REVIEW: Meritorious horror-westerns are always an appreciated rare-breed of subgenre, and with THE WIND (WATCH IT HERE) – a frostily stirring bite of severe psychological fright – the distinction is made all the more impressive by the fact it comes from first-time feature writer Teresa Sutherland (shorts THE ORPHAN, THE WINTER) and equally novice narrative director Emma Tami (docs FAIR CHASE, ELECTION DAY). An austere and deliberately paced slow-roast, sure to repel the ADD-riddled, THE WIND sways past a skimpily structured story and one-note plot in favor of setting a palpably ominous mood, one that blooms, rankles, compounds, and ultimately unnerves. Indeed, it’s precisely the inertia and inactivity of what does and doesn’t happen to the lead character – a fiercely commanding Caitlin Gerard – that mainly accounts for Lizzy’s psychotic postpartum uncoiling. With a virulently vexing score and sharply shot western iconography, THE WIND carries as far as the ambiguity of its core mystery will allow, the resolution of which I honestly would have liked to have seen gone a bit further. Alas, for a minor mood piece impeccably made, THE WIND moves a mighty malevolent aura!
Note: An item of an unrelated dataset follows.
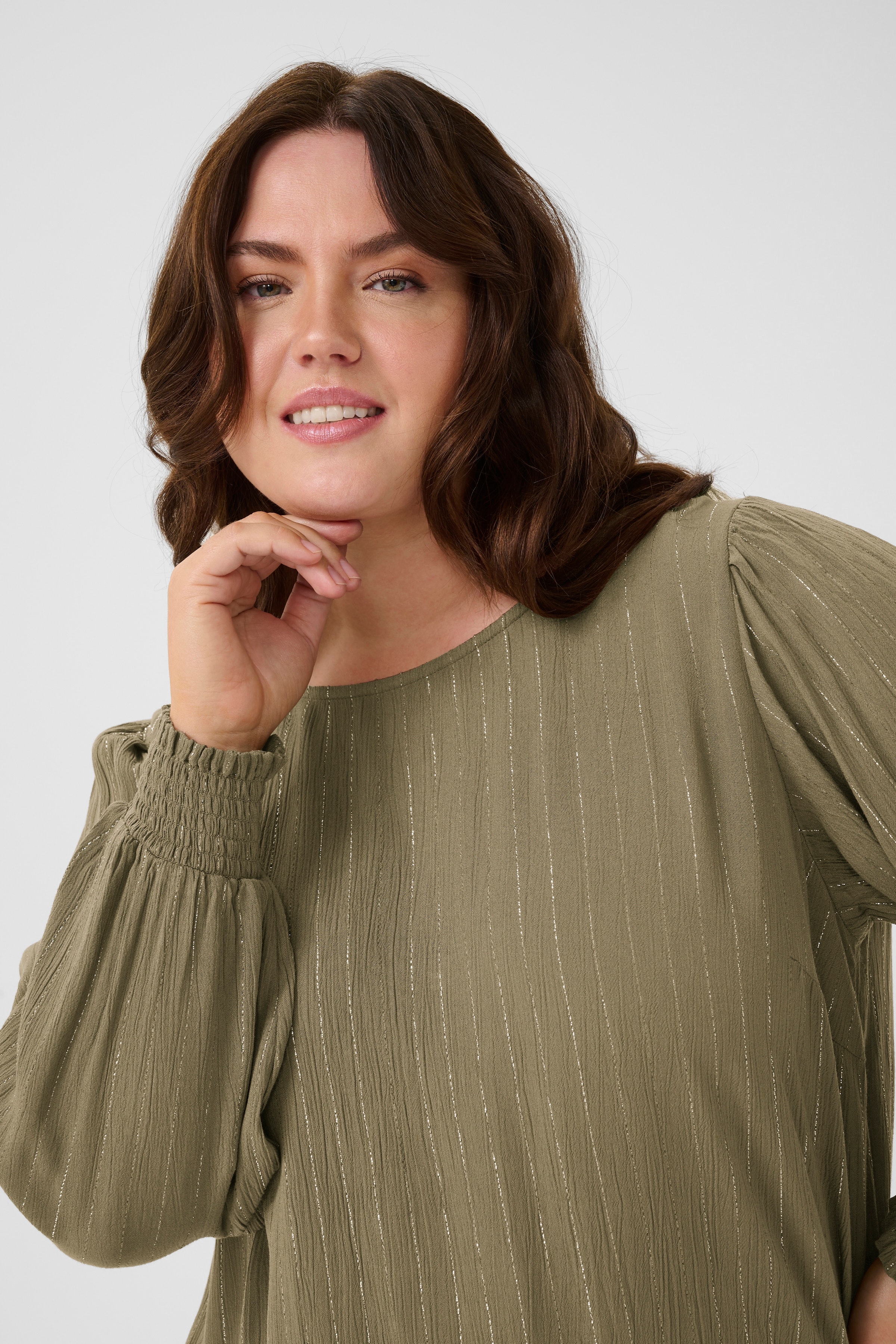 KClio Bluse LOOKBOOK DETAIL 10582786-190808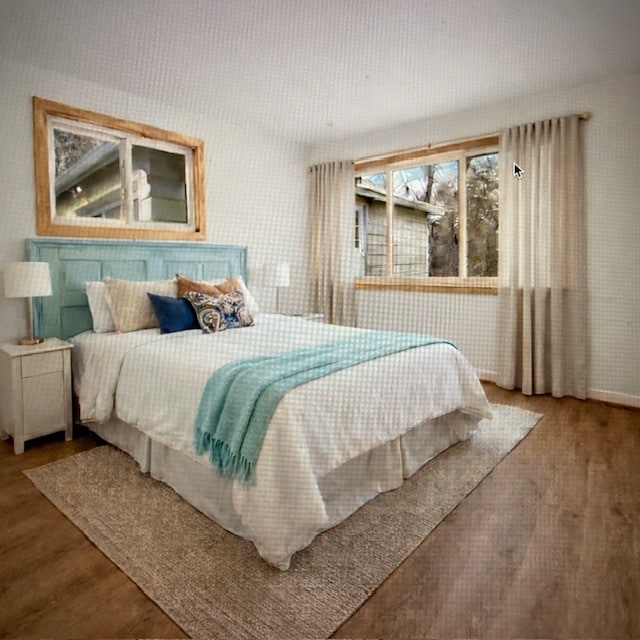 Southern Exposure and queen size bed - 719 Hanshaw Rd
An arresting opener sees the camera slowly pull back to reveal a young woman in a white dress exit a humble abode on the American frontier, holding a dead baby against a giant bloodstain on her belly. We slowly learn through flashbacks that, German émigré Lizzy Macklin, has suffered a miscarriage of her baby son. She tries to press on with her dutiful husband Isaac (Ashley Zukerman), living in total isolation on a duty prairie farm. We sense her uneasy, mirthless life isn’t easy, and the postpartum farrago of emotions – pain, anguish, exhaustion, shame, guilt, even jealously we’ll soon see – has begun to take an immense toll on her psyche. She’s weathered…by the weather. Literally and figuratively speaking, as Lizzy is increasingly tormented by ululating gusts of wind that swirl around her house when winter approaches. Animals seem to die near the house, only to reanimate as if nothing happened. Lizzy is convinced she’s being harassed by a demon, but Isaac won’t hear any of it. A somewhat nearby couple comes to visit, and Lizzy soon shows signs of envy over the woman, Emma Harper (Julia Goldani Telles), being nine months pregnant. Emma and her beau Gideon Harper (Dylan McTee) are new to the area and haven’t much recourse, so Isaac and Lizzy agree to help plow their field and plant their crops. But when they come to assist the following day, Emma is bewitched is some sort of fever-trance, manically repeating that something is out to get her. But are Lizzy and Emma really experiencing the same demonic threat?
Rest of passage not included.